If I'm not in a hurry, New York is. And then you have to run to keep pace with it anyway. Yes, everything goes fast here, but after being here for two weeks I'm getting quite used to the situation. It seems ages ago that I was sitting in a cab on my first day, gazing at the Manhattan streets with a mixed feeling of anxiety and intrigue. Right now I'm standing every day in the subway (standing, cause you can't sit) and go to work like every other slave of the working society. I'm even getting used to the crazy people over here. This morning I noticed I wasn't surprised anymore when I saw someone talking loud to himself.
What still amazes me is the advertising here. One out of two commercials on television is from some car dealer. The ads are always the same. The first 20 seconds they lure the viewer into the commercial by showing spectacular shots of a car doing a slalom and driving in a curve. An intriguing sounding voice over tells about all the specifications of the car. When the potential car buyer is almost drooling in front of the television...BAM. They trap the viewer by casting an enormous amount of prizes, special offers, mandatory messages and restrictions. Every inch of white space around the car is suddenly filled with copy.

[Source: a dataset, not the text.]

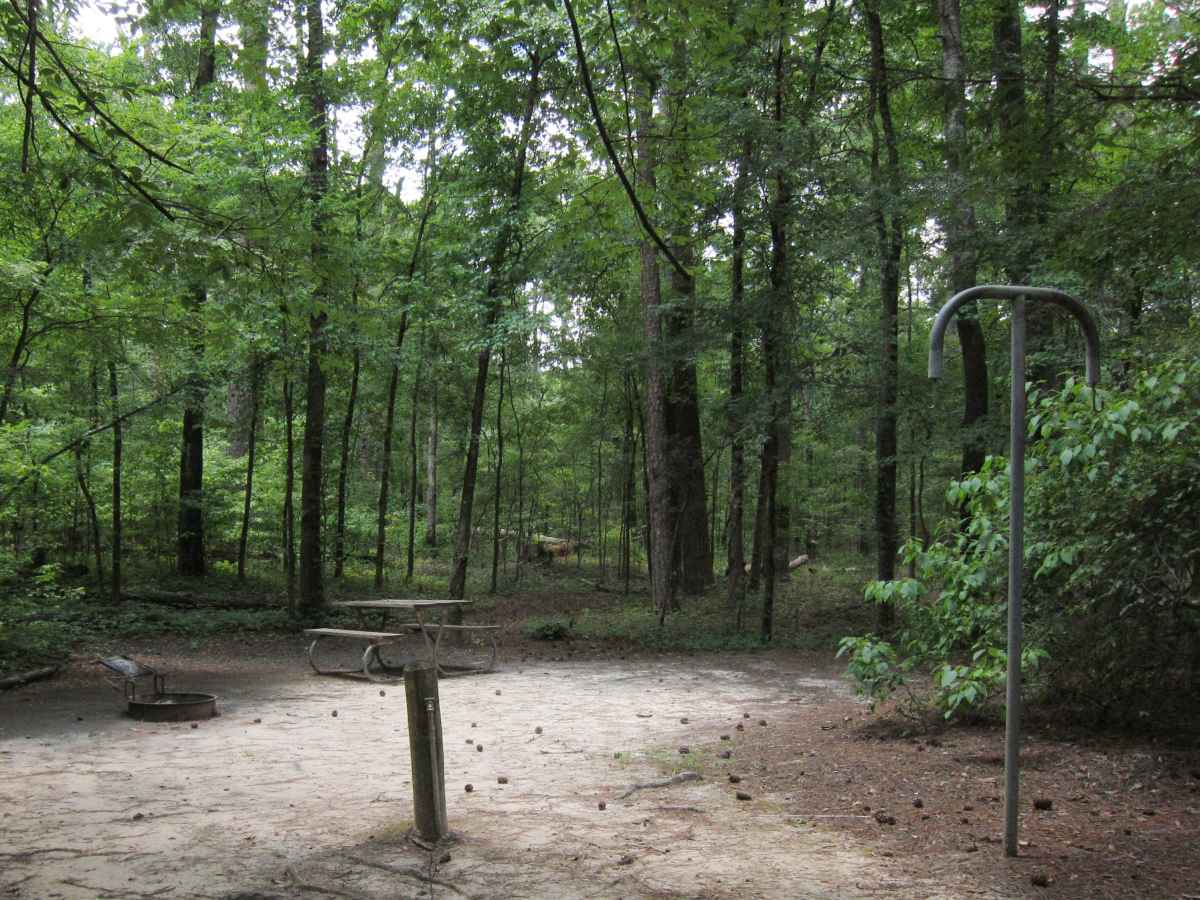 Basic Campsite 47 in the Mill Pond Camping Area.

Over here they like copy so much that they fill entire packages with it. In the beginning it took me over an hour to do groceries cause I couldn't find the right product. There are no packages that just say 'BUTTER'. If you want normal butter you have to find this butter between the soja butter, macrobiotic butter, fat-free butter, unsalted butter, flavoured butter and lactose free butter. There's even a brand called 'I can't believe it's not butter'. Well, if it's not butter, I don't want it. Another piece of copy, on a cereal package:
'For anyone who wants to celebrate their 50th birthday. As the halfway point'.
This is the lamest piece of copy I've ever seen on a package. Yet it's so strange that it makes me laugh. Talking about strange, the keyword on every package here is: ANTIOXIDANT! That tea and apple juice contain antioxidants doesn't surprise me. But they even put the line 'contains natural antioxidants' on a chocolate bar because there are raisins in it (!). Some copies are just plain bizarre. Like this line that was in a big font on a can of salt:
'This salt does not supply iodide. A necessary nutrient'.
So...let me get this straight: you bring a product on the market, leave out a vital ingrediënt and put that prominent on the package? Well, at least it's honest. Luckily, I figured out which products I have to buy and doing groceries goes faster every time. Which is good, because I love New York and I didn't fly all the way from Holland to waste my time in the local supermarket.